Locked up and let down

John Rea Price has worked as a probation
officer, child care officer and was social services director at the
London Borough of Islington, before becoming director of the
National Children’s Bureau. He joined HM Inspectorate of Prisons in
1999 as a specialist inspector for children. He retired from this
post in April 2005.

“Prison is no place for children,” Sir William Utting said in his
scathing review of Britain’s residential care in July 1997.(1) And
the fact they were there was a serious failure of public policy, he
added.

Just four months later, former chief inspector of prisons Sir David
Ramsbotham said: “The prison service is essentially an organisation
neither structured nor equipped to deal with children.” Both were
addressing a newly elected government committed to reform against
the backdrop of a rise in the number of 15 to 17 year olds in
prison from 1,675 to nearly 2,500 between 1995 and 1997.

By 2002 the figure had risen to 2,700, just as the first review by
the national inspectorates of progress on the Utting agenda
recorded extreme weakness in child protection in young offender
institutions and the lamentable support from the local agencies
whose responsibility this was.(2)

“Young people in YOIs still face the gravest risk to their welfare,
and this includes children who experience the greatest harm from
bullying, intimidation and self-harming behaviour,” it
concluded.

Three years on, with the publication this week of Safeguarding
Children
, the second triennial review by the inspectorates,
the number of detainees in YOIs remains around 2,500.(3) The
progress it reports is largely of future intentions, with a
safeguarding action plan generated and a new strategy for the
secure estate under consultation by the Youth Justice Board.

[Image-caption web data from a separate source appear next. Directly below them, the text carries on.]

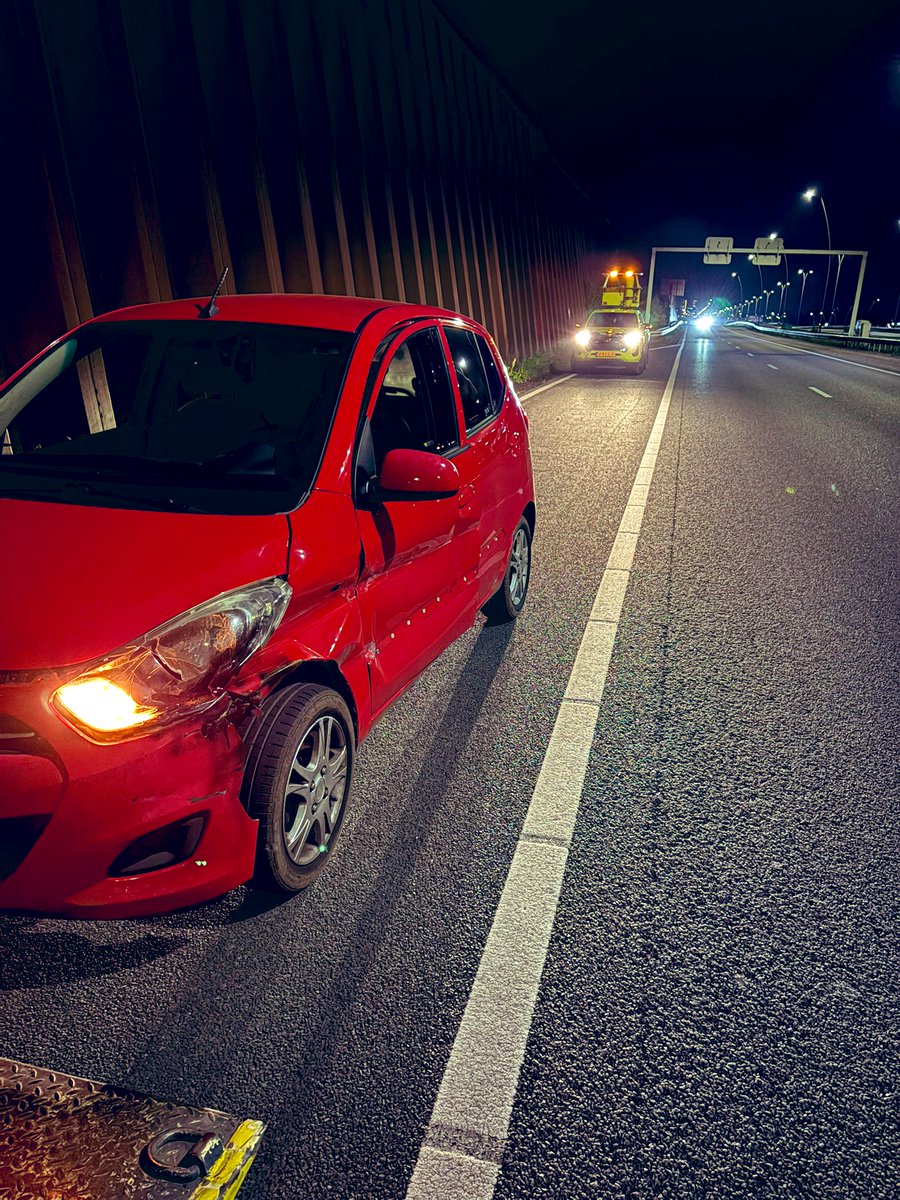 Achtergelaten voertuig met afwijkend kenteken in beslag genomen op N2 bij Aalst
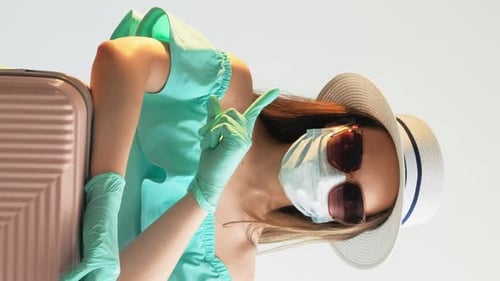 Vertical Pandemic Trip Coronavirus Holiday Girl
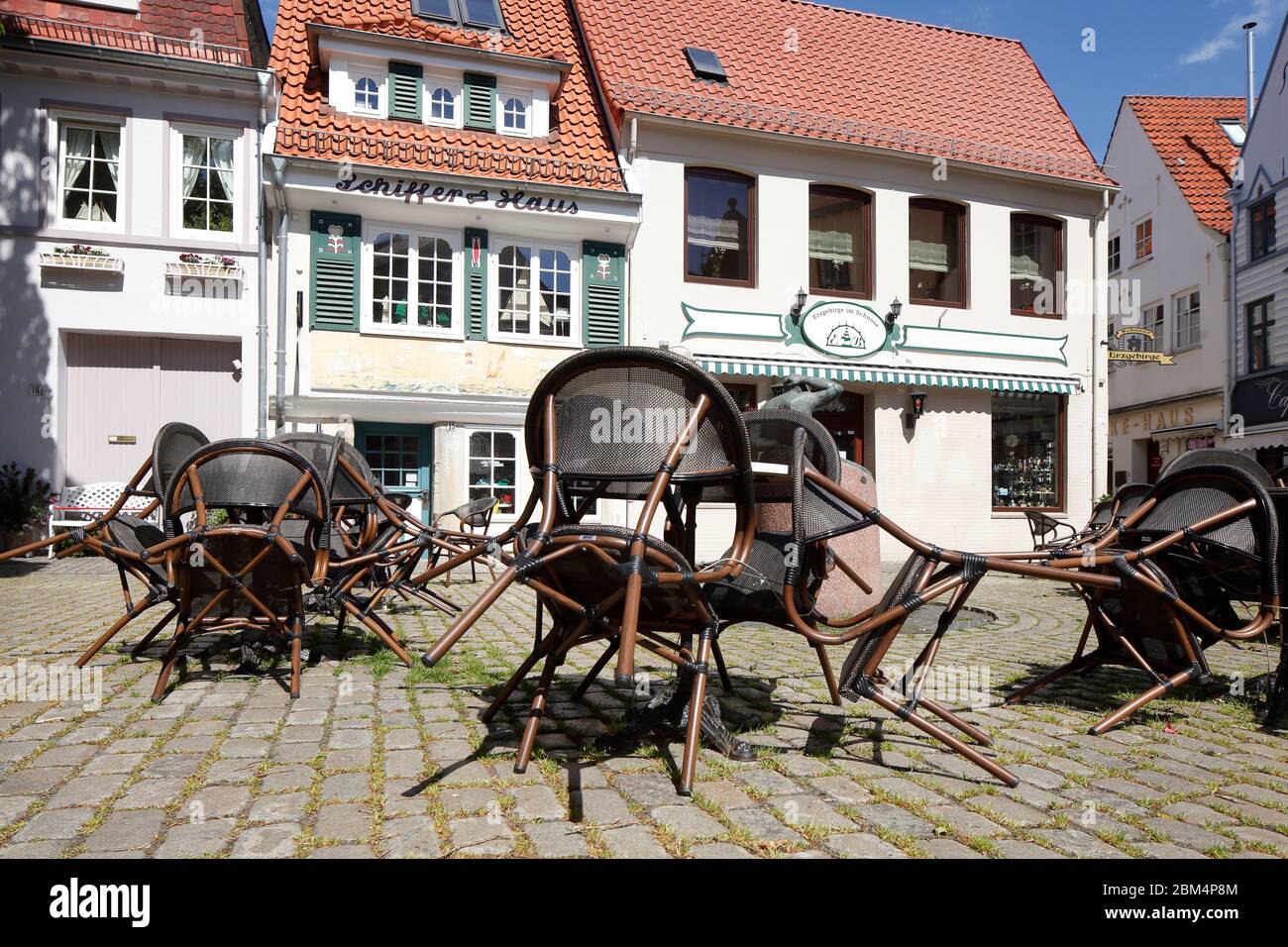 Leere Stühle und Tische eines Cafés im Bremer Stadtteil Schnoor sind wegen Coronavirus, Bremen, Deutschland, Europa geschlossen Stockfoto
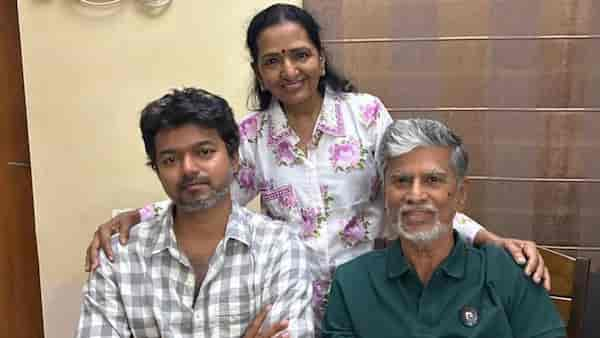 Thalapathy Vijay's father SA Chandrasekhar reacts to viral pic post-surgery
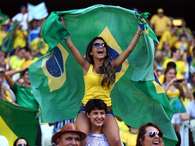 Fans animan juegos de la Copa; mira imágenes de las gradas.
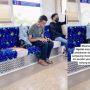 Momen Pria Sempatkan Salat Sambil Duduk di KRL dan 5 Berita Viral Lainnya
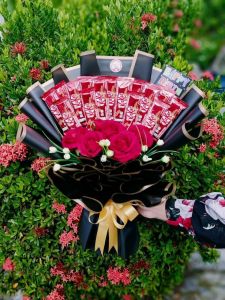 Kitkat bouquet and soap flower . Hadiah . Bouquet . Viral . Anniversary. Birthday gift .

However, the essential deficiencies remain. “Much has to be done to
produce detailed guidance on specific areas of safeguarding such as
bullying, behaviour management and the care of the very
vulnerable,” the review states.

Indeed. Barely a month ago the Prisons Inspectorate published the
results of its survey, indicating one-third of children felt
unsafe. In some YOIs, 40 per cent said they had been victimised by
other young people.(4)

As rehabilitation agency Nacro has pointed out, we incarcerate more
children in England and Wales than other western European
countries, despite a level of juvenile crime that fell to one of
the lowest in Europe between 1997 and 2001. Why we tolerate this
perplexes international commentators, most recently the European
Commissioner on Human Rights. Understandably, they wonder why,
despite five years for the YJB to develop community alternatives,
the nation has more children in prison than ever.

The commissioner said: “The overall impression I obtained was of a
detention system that placed too much emphasis on punishment and
control and not enough on rehabilitation. One can conclude that the
prison service is failing in its duty of care towards juvenile
inmates.”

To this he might also have included the YJB, to which the prison
service is wedded, or rather welded, in a reluctant and often
rancorous relationship in which neither has exclusive
responsibility and in which it is too easy to point the finger at
each other.

It would have been difficult to design a more dysfunctional
structure for the effective care of children. Many of the obstacles
to improvement are rooted in public policy, such as the unfettered
power of the courts to commit children into an already overcrowded
prison system or the expectation that it should attempt to care for
significant numbers of sick, disturbed, distressed children for
which it is manifestly ill-equipped. Eight years since Utting,
prison is still used as a penal dustbin for children; indeed, even
more so.

For all this, it is reasonable to ask why the YJB and the prison
service have not come together to confront major issues of public
policy more robustly or why, on matters over which they do have
control, change is so stubbornly resisted. Inspection reports have
repeatedly pointed to the impossible task facing four – sometimes
just three – staff overseeing 60 volatile adolescents milling
around inside one residential unit.

The most significant contribution to improvements in safety would
be to limit the size of units to 40. This would still be vastly
bigger than those alternative placements available to the YJB in
secure training centres or homes where places can cost nearly
£200,000 as against £50,000 for one in a YOI. For many
children it is a lottery into which setting they are sent and
prison inspectors have for long found the disparity in conditions
incomprehensible.

Apologists may point to the fact that, at £50,000, the YJB is
still paying £30,000 more than the unit cost in 2000. Indeed,
there has been welcome but overdue investment, but almost all of
this has gone into education, in which children spend at most 30
hours a week. Little has gone into the wider regime in which they
spend the remainder of their waking hours. Despite the efforts of
those working in it, this remains essentially a prison system for
adults.

The reality is that children’s care is a secondary concern. For the
YJB the overriding imperative must be the development and promotion
of credible community alternatives, without which the number in
custody may rise even higher. Children represent a mere 3 per cent
of the prison population and the prison service inevitably
subordinates their needs to the crises in a system essentially
geared to the containment of adults.

Of course, it is tempting to reiterate Ramsbotham’s conclusion in
1997, and to join campaigning organisations in asserting that the
system is beyond redemption. But children are in prison, and will
remain so for the foreseeable future. They, and those who
immediately care for them deserve more than handwringing.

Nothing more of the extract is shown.